O modelo de organização indígena formal – um
modelo branco – foi
sendo apropriado pelos povos indígenas ao
longo do tempo, da mesma
forma que eles foram se apoderando de outros
instrumentos e novas
tecnologias dos brancos para defenderem seus
direitos, fortalecerem
seus modos próprios de vida e melhorarem suas
condições de vida, o
que é desejo de qualquer sociedade humana. Isto
não significa tornar-se
branco ou deixar de ser índio. Ao contrário,
quer dizer capacidade de
resistência, de sobrevivência e de
apropriação de conhecimentos, tecnologias
e valores de outras culturas, com o fim de
enriquecer, fortalecer
e garantir a continuidade de suas
identidades, de seus valores e de suas
tradições culturais.
A idéia de movimento indígena nacional
articulado é importante
para superar a visão antiga dos colonizadores
de que a única coisa
que os índios sabem fazer é brigar e guerrear
entre si quando, na verdade,
usaram essas rivalidades intertribais para
dominá-los, para isso,
jogando um povo contra o outro.
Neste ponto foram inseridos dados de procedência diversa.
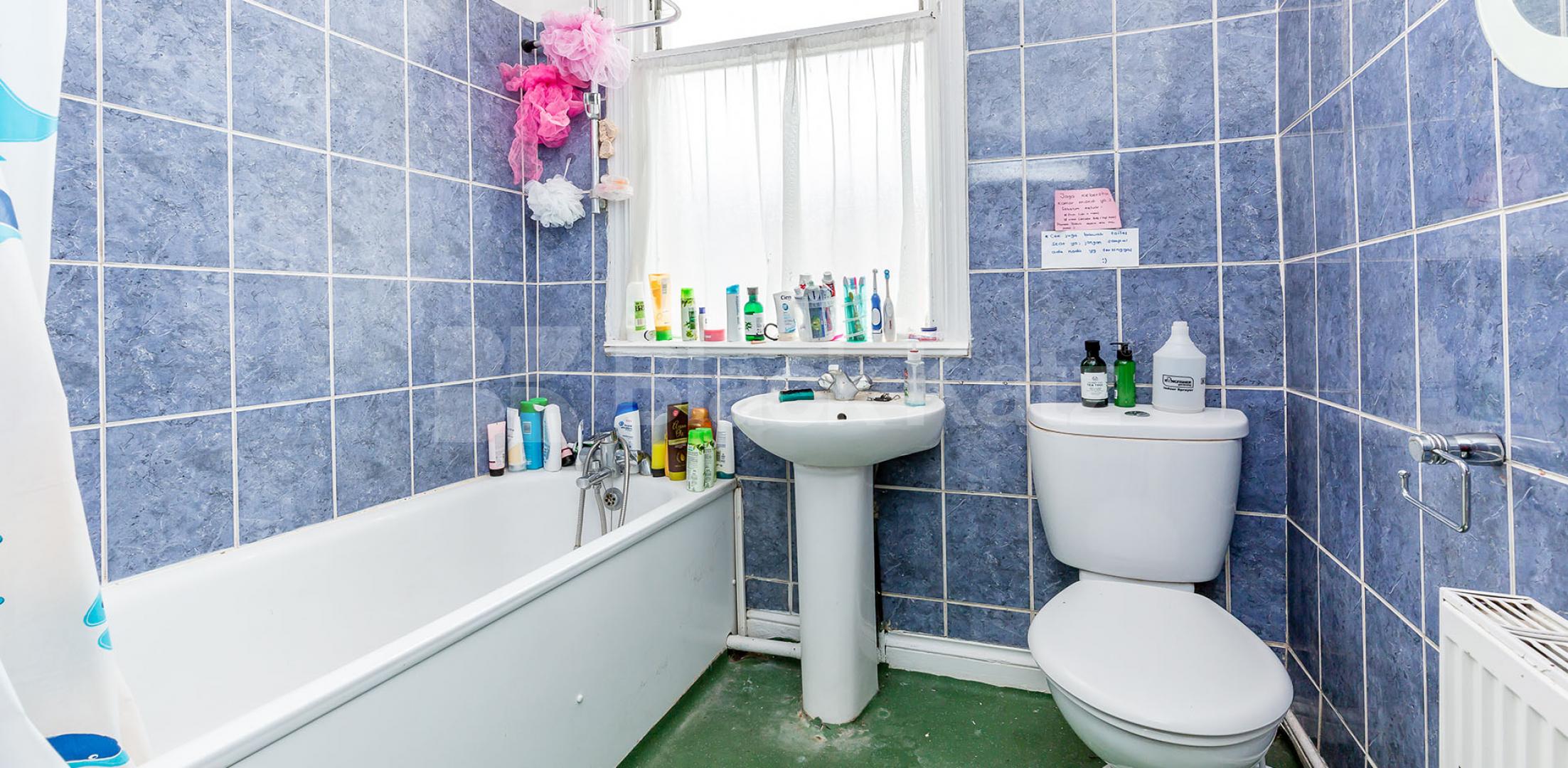 			5 Bedroom, 1 bath, 1 reception Terraced House			 Tottenhall Rd, Palmers Green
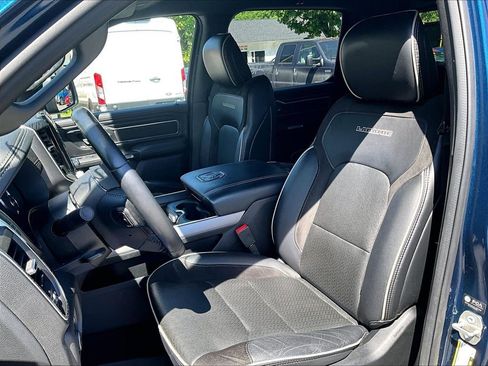 Used 2023 RAM 1500 Laramie AWD/4WD image 20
Ainda hoje,
muitos brancos, principalmente
do governo, preferem dar mais importância à
idéia de que
não há e não pode haver movimento indígena
articulado e representativo
devido à diversidade de povos e realidades,
pois isso fortalece
os propósitos de dominação, manipulação e
cooptação dos índios em
favor de seus interesses políticos e econômicos.
Os dirigentes políticos
e os gestores de políticas públicas utilizam
muito esta idéia para
justificar suas omissões e incapacidades de
formular e de implementar
políticas públicas coerentes, com o argumento
de que os índios não se
entendem, e isso impede a execução das ações.
Um exemplo disto é o
projeto de lei do Estatuto das Sociedades
Indígenas, que há mais de
10 anos permanece sem aprovação no Congresso
Nacional. A principal
justificativa por parte dos dirigentes
políticos é a falta de consenso
entre os índios sobre as várias questões e os
diferentes aspectos do
projeto de lei.
É em nome dessa visão propositadamente
distorcida da diversidade
indígena que a FUNAI não reconhece as
organizações indígenas como
interlocutoras ou agentes políticos das comunidades
indígenas, argumentando
que os povos indígenas, na sua totalidade,
não aceitariam
ser representados por alguma organização
indígena. Na verdade, essa
representação pan-indígena não interessa a
muitos setores políticos e
econômicos do país e, por isso, acabam
dividindo os povos e as comunidades
indígenas para assim subjugá-los e dominá-los.